Anunciada como mais um passo no combate ao feminicídio, Lula assinou uma lei que aumenta a pena mínima deste crime de 12 para 20 anos. A notícia tem ares de proteção às mulheres. Mas será mesmo? Será que os ativos e potenciais agressores, esses homens perdidos para o machismo – e para o racismo estrutural –, realmente conseguirão deixar de cometer esses crimes, assim, na base do fazer cálculo? Tenho cá minhas dúvidas…
Imagino que esta medida não deva estar sendo tomada ingenuamente como uma panaceia para o problema. Ainda assim, o anúncio, com certo tom jubilatório, só revela o quanto somos uma sociedade punitivista, que parece realmente desacreditar na educação como libertadora e transformadora. O punitivismo, primo pudico do fascismo, nos fascina a ponto de cairmos facilmente neste tipo de engodo.
Desse modo, às vezes sem nos darmos conta, estamos defendendo ainda mais a falência de uma parcela muito grande da população: a negra. Somos um país que vive exaltando a construção de presídios, muitas vezes, justamente, pensando em mais direitos humanos para a população carcerária. Falta consciência política (não por falta de estudos disponíveis sobre o assunto) sobre como está composta essa população e quais as vicissitudes que a conduzem e mantêm na criminalidade. O abismo ao qual chamamos desigualdade social isola o mundo branco do mundo negro, mas os tecnocratas brancos de plantão tentarão suprimir a raça própria em uma neutralidade criminosa. O “isentão” tem a tez mais alva, mas raras vezes será o alvo das políticas punitivistas. Não por cometer menos crimes, mas por ter garantida certa invisibilidade sistêmica.

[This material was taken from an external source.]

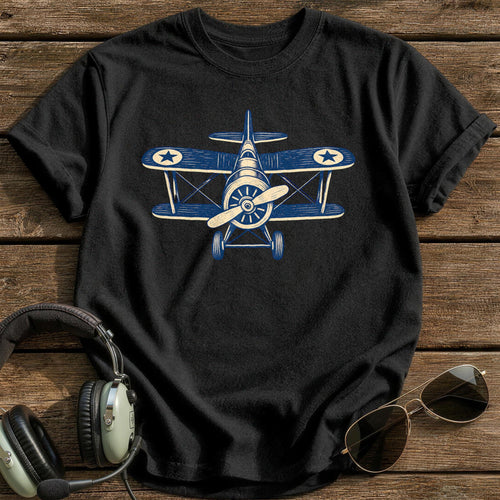 Biplane Blues T-Shirt - Black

Presídios novos, então, são equipamentos que servem para o projeto de encarceramento em massa de pessoas negras, sobretudo homens – ainda que, percentualmente, o número de mulheres encarceradas esteja aumentando. Afirmo isso com base em leituras e acompanhamento dos trabalhos de Juliana Borges, pesquisadora dedicada ao tema. Além disso, somos o mesmo país em que os espaços de poder político e institucional, em todas as áreas, estão solidamente destinados às pessoas brancas, por alianças conscientes e inconscientes, muito bem nomeadas pela psicóloga Cida Bento como “pacto narcísico da branquitude”. Um pacto que também pode se mascarar de enfrentamento ao racismo, em uma movência sub-reptícia e conveniente para resultar na não-cessão de nenhum milímetro de privilégio.
Estudos feministas negros me ensinam que é impossível pensar emancipação e luta antirracista sem pensar na categoria chamada interseccionalidade. Pensar que todo o agressor de mulheres está nas mesmas condições de opressão é ingênuo ou mesmo hipócrita. Aqui, não se trata de fazer a defesa daquele que desfere o golpe físico ou que oprime psicologicamente, mas lembrar que ele é a ponta de uma lança que começa no discurso político de um Bolsonaro, de um pastor Silas Malafaia e de tantas mulheres, notadamente brancas que não-racializadas, mas vestidas de incolor, que perpetuam um culto à submissão feminina.